Shelves teeming with books line the walls. A closer look around the office reveals several representations of inquiry into worlds beyond that of West Philadelphia. A setar, a bicycle, a typewriter, books spanning the history and modernity of Islamic world. These seemingly disparate items find their intersection here in this office, brought together by Jamal himself. So how did he—and his stuff—end up here in Claudia Cohen Hall? 

At his high school in Pakistan, he mostly studied science. During his first year at Stanford, he took a Religious Studies class as a distribution requirement. “Actually, to be perfectly honest,” Jamal admits, laughing, “I took it because I figured my grades weren’t looking that great. I thought it would be a GPA booster because I said, hey, I know all about Islam. Turns out I didn’t”.

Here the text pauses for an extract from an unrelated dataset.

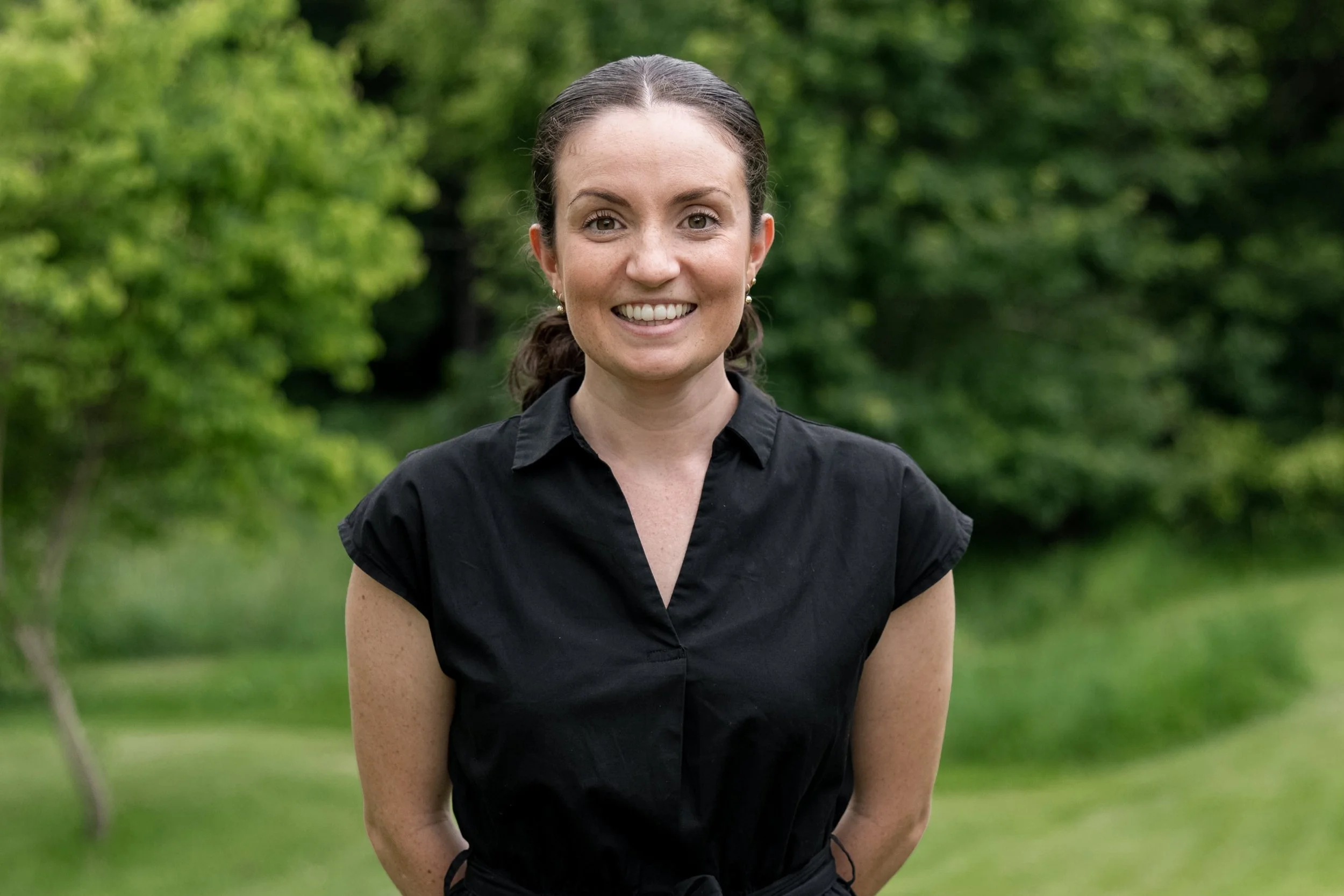 Melissa Houghton | Sales & Events Manager Maleny Manor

Academic study gave his understanding of religion new dimensions. Approaching religion in the classroom setting was "so different from what I thought, from what you learn about religion from your life, from community and society and your neighborhood." Jamal felt "amazed at how kind of rich and complex it was."  

From then, he was hooked. Though he studied both Islam and Buddhism, he felt a connection with Islam in particular. Years later, that connection continues. 

He recently published Alef is for Allah, a book about children in the Islamic world and teaches his own course, Islam in the Modern World. In his classes, he hopes to broaden students’ views of the world and help them recognize that “people can be very different from you and at the same time very very similar.”

He adds, "I think people [at Penn] that they are very different because the news keeps telling us that the Islam world is very different." 

Outside of writing or teaching about the Islamic world, Professor Elias spends his time cycling and in the flamenco scene. He was a competitive equestrian as a child and for a few years at Stanford, until he made the shift to riding bicycles, which he likens to “a mechanical horse."

His eyes light up talking about the several bikes he owns: three racing bikes, a city bike he often rides to class, and a bike for pub crawls that he claims he hasn't used (yet).  

Though he says he hasn't ridden seriously in years, he considers starting up again in the spring. He still trains with a high–tech bike at home, where he rides through virtual reality environments alongside friends living in Europe. 

Jamal also plays the flamenco guitar. He has spent several months in Granada, Spain, where he loves the presence and appreciation of flamenco in the culture. To his dismay, “Philly doesn’t have a strong flamenco scene, certainly no guitar scene.” 

But his beloved setar (a smaller version of the sitar) still sits in his office, across the room from his bicycle and surrounded by rows and rows of books.